== Segment start ==
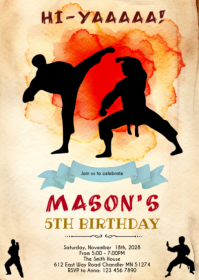 Karate Birthday Invitation A6 template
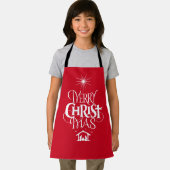 Merry CHRISTmas Christliche Krippe Calligrafy Red Schürze (Insitu)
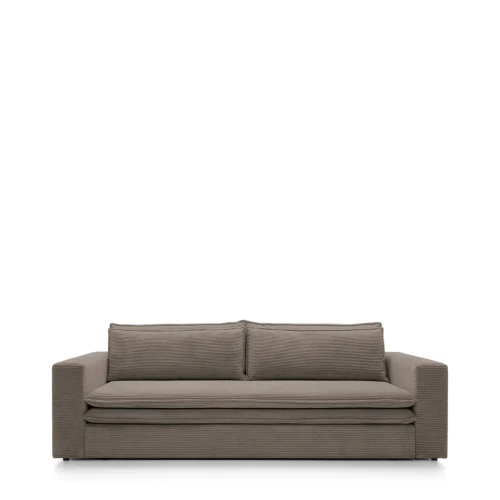 Nowoczesna brązowa sofa rozkładana Tilia o szerokości 244 cm w sztruksowej tkaninie welurowej Poso 04.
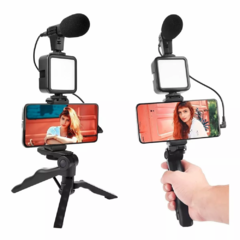 Suporte para Celular com Tripé Luz LED para Streaming / Podcast / Self com Microfone - loja online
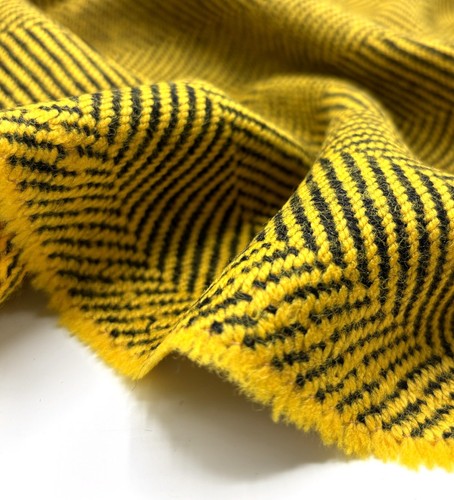 Cortina de cojín de tapicería de tela de tweed tela de lana Chevron de espiga amarilla - Imagen 3 de 5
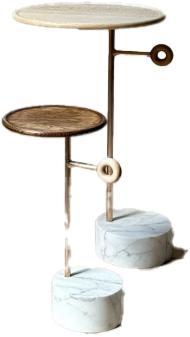Modern multi-tiered side table with wooden and marble elements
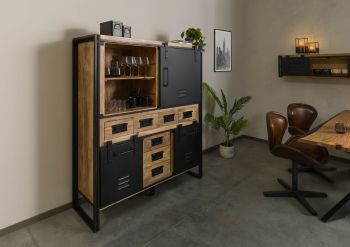 Highboard Mango 140x45x160 natur klar lackiert / Metall schwarz BLACKBURN #557
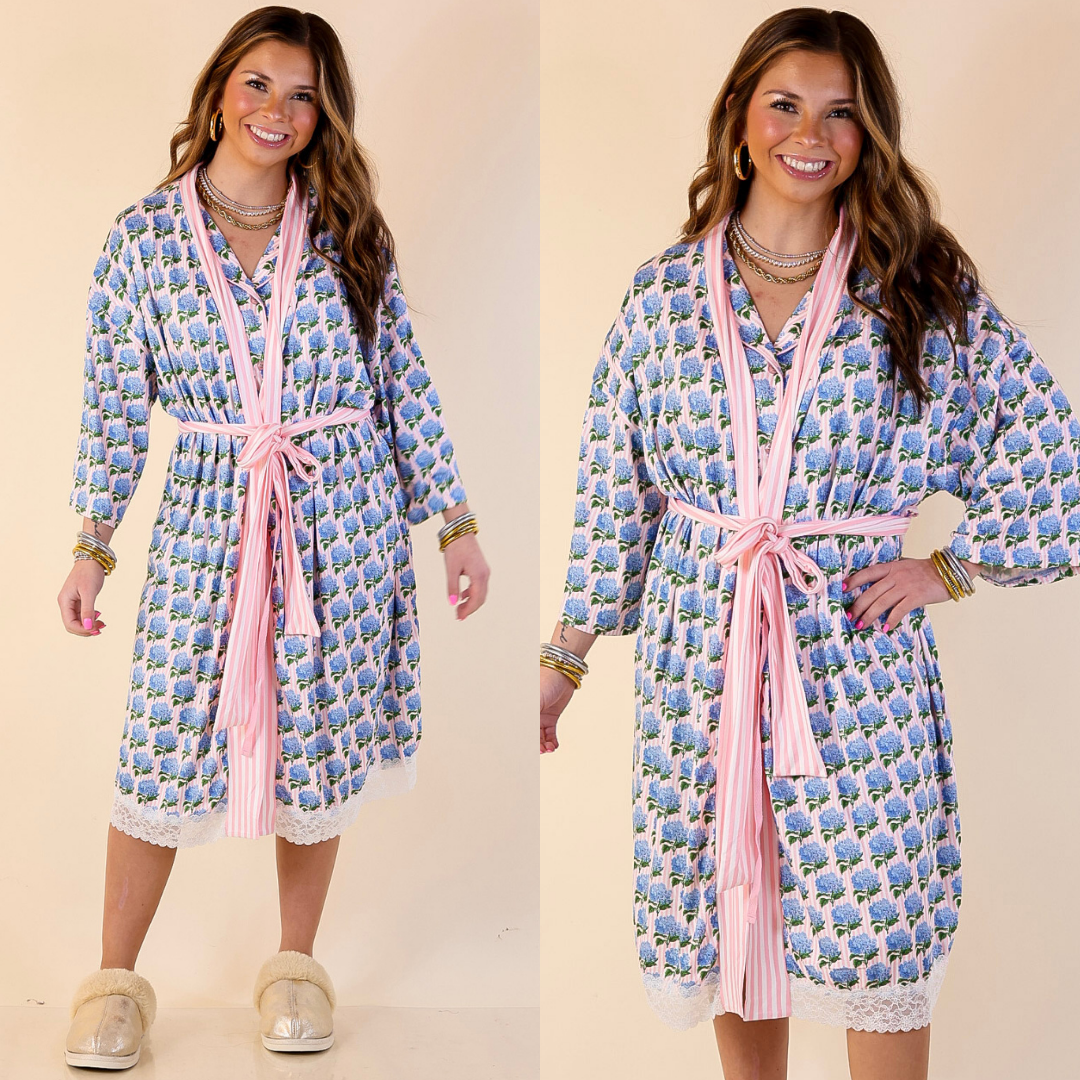Simply Southern | Snooze in Style Hydrangea and Stripe Print Robe ...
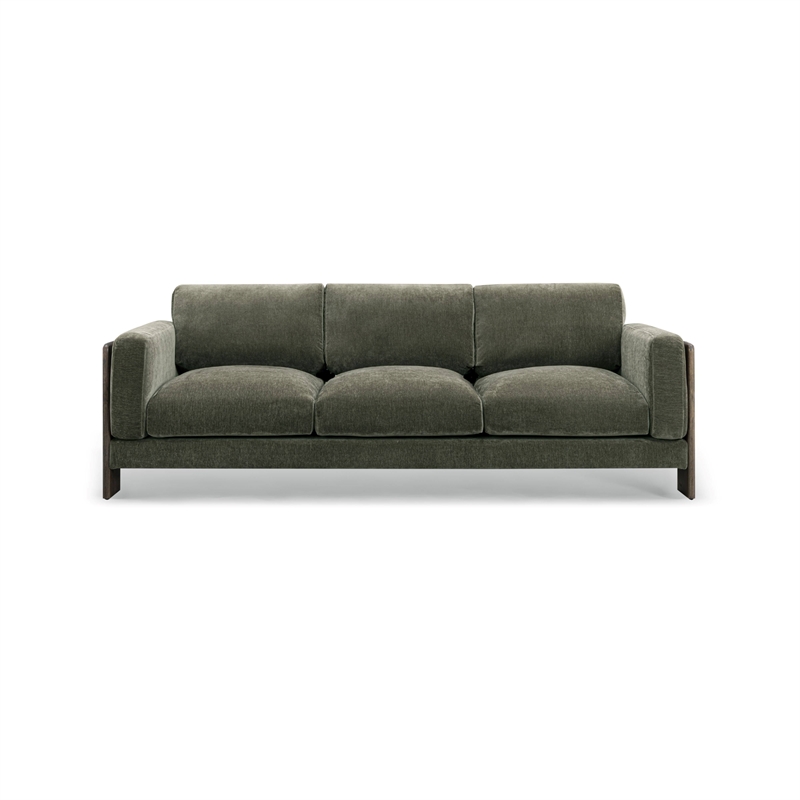 Elyn Olive Green Upcycled Chenille Sofa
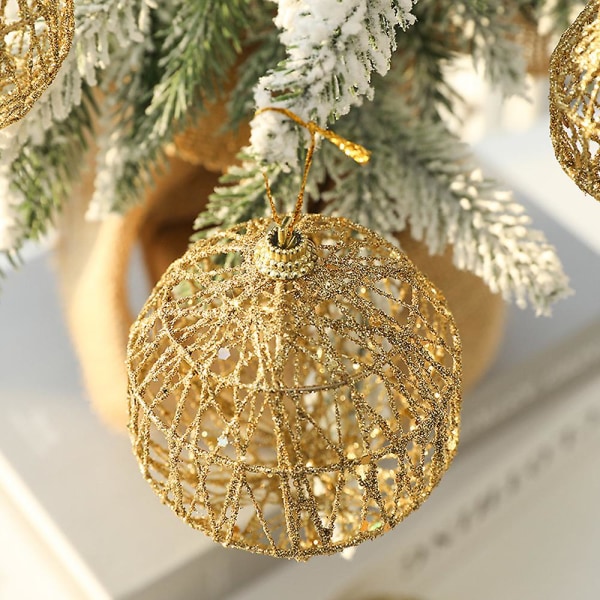 Julgransdekoration gyllene boll hängande dekor julboll för semester och festdekor boll 8CM*3pcs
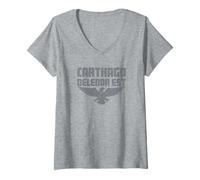 Femme T-Shirt Carthage Rome Antique/Carthago Delenda Est T-Shirt avec Col en V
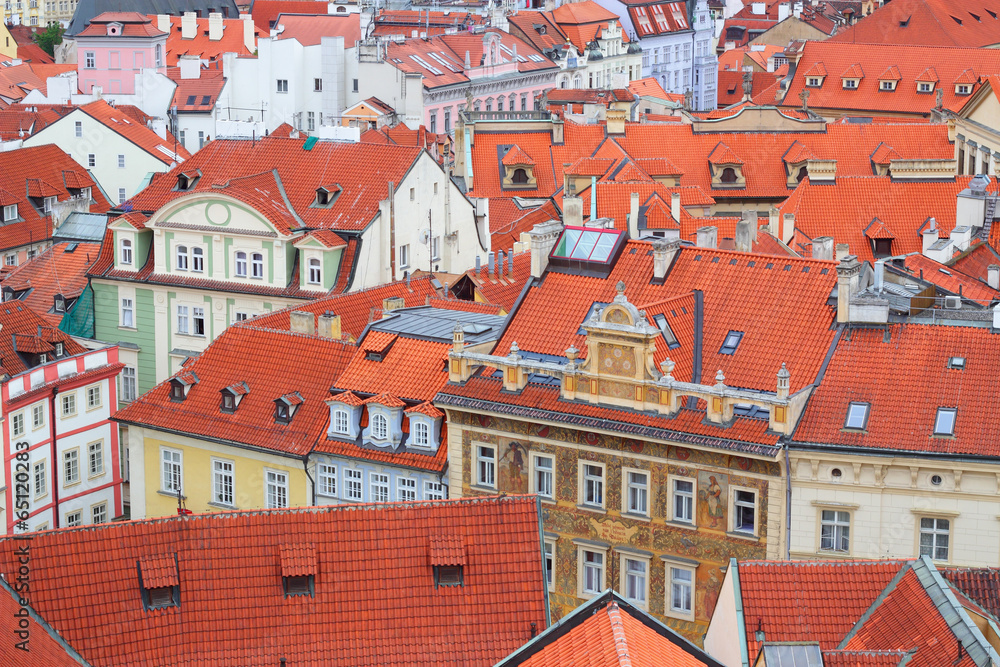 Rooftops view from the Town Hall tower in Prague, Czech Republic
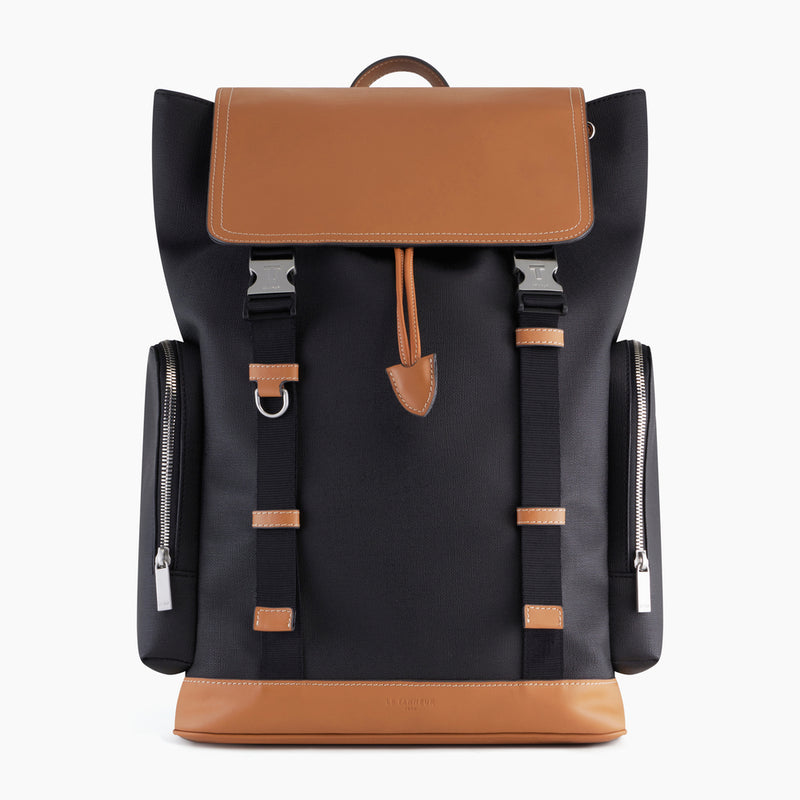 Maurice backpack with flap closure in coated canvas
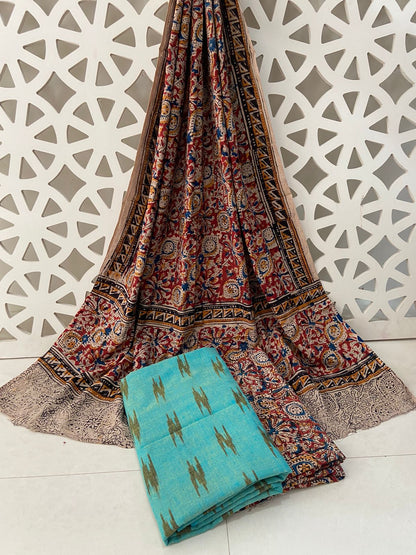Ikat Kalamkari Cotton Dress Material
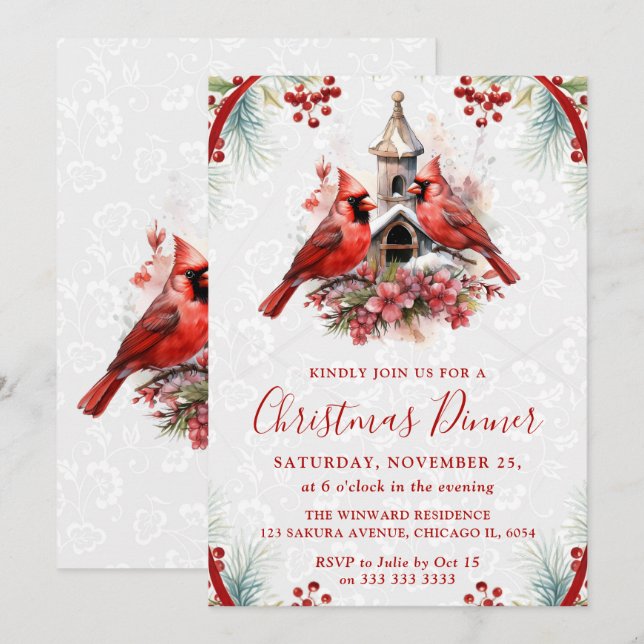 Elegant Cardinal Christmas Dinner Invitation Inbjudningar (Fram/baksida)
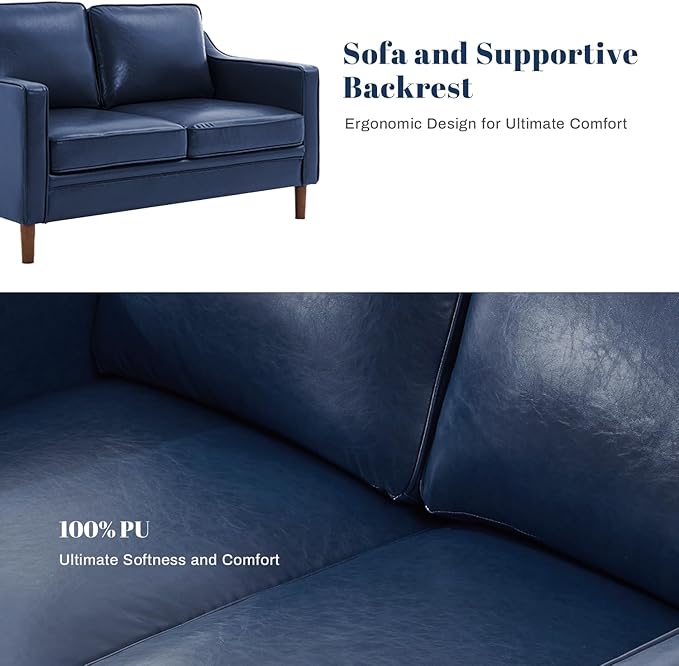 Kingfun 56 Faux Leather Sofa Loveseat Couch Mid Century Modern Love Seat Couches with Solid Wood Frame for Living Room &amp Bedroom Royal Blue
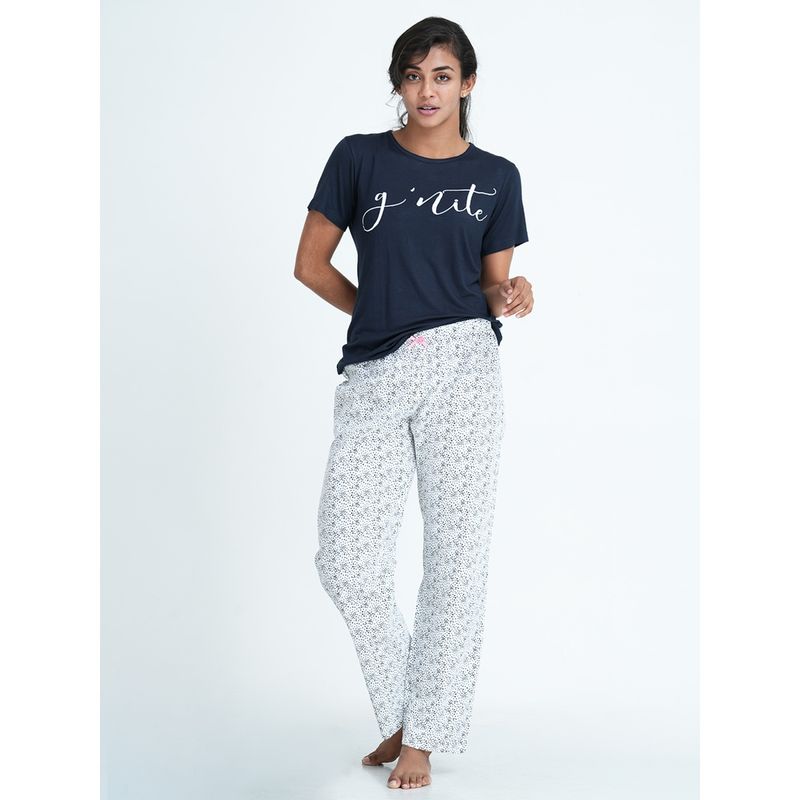 Mackly Womens Printed Tshirt & Pyjama Set-Black (S)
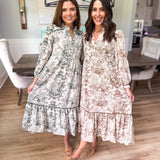 Fall Tea Midi Dress - Forest Green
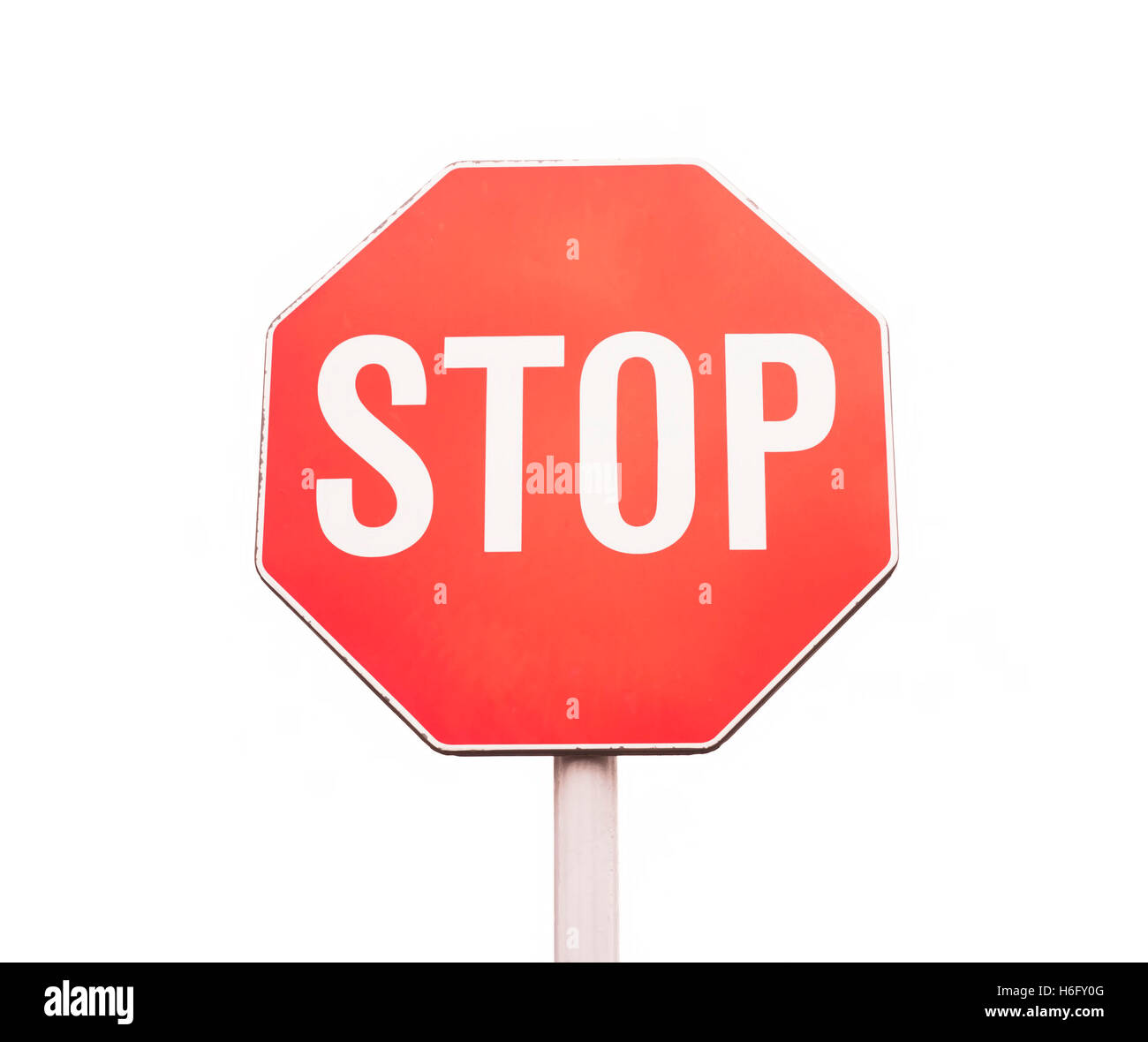 Stop-Schild, isoliert Stockfoto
== Segment end ==
▶ [WHAT YOU NEED TO DO] Leaving the pictures out, transcribe word for word the lines from the one with "Kingfun 56 Faux" to the end of the material above, inclusive, and nothing else.

▶ [EXERCISE SOLUTION]
 Kingfun 56 Faux Leather Sofa Loveseat Couch Mid Century Modern Love Seat Couches with Solid Wood Frame for Living Room &amp Bedroom Royal Blue
 Mackly Womens Printed Tshirt & Pyjama Set-Black (S)
 Fall Tea Midi Dress - Forest Green
 Stop-Schild, isoliert Stockfoto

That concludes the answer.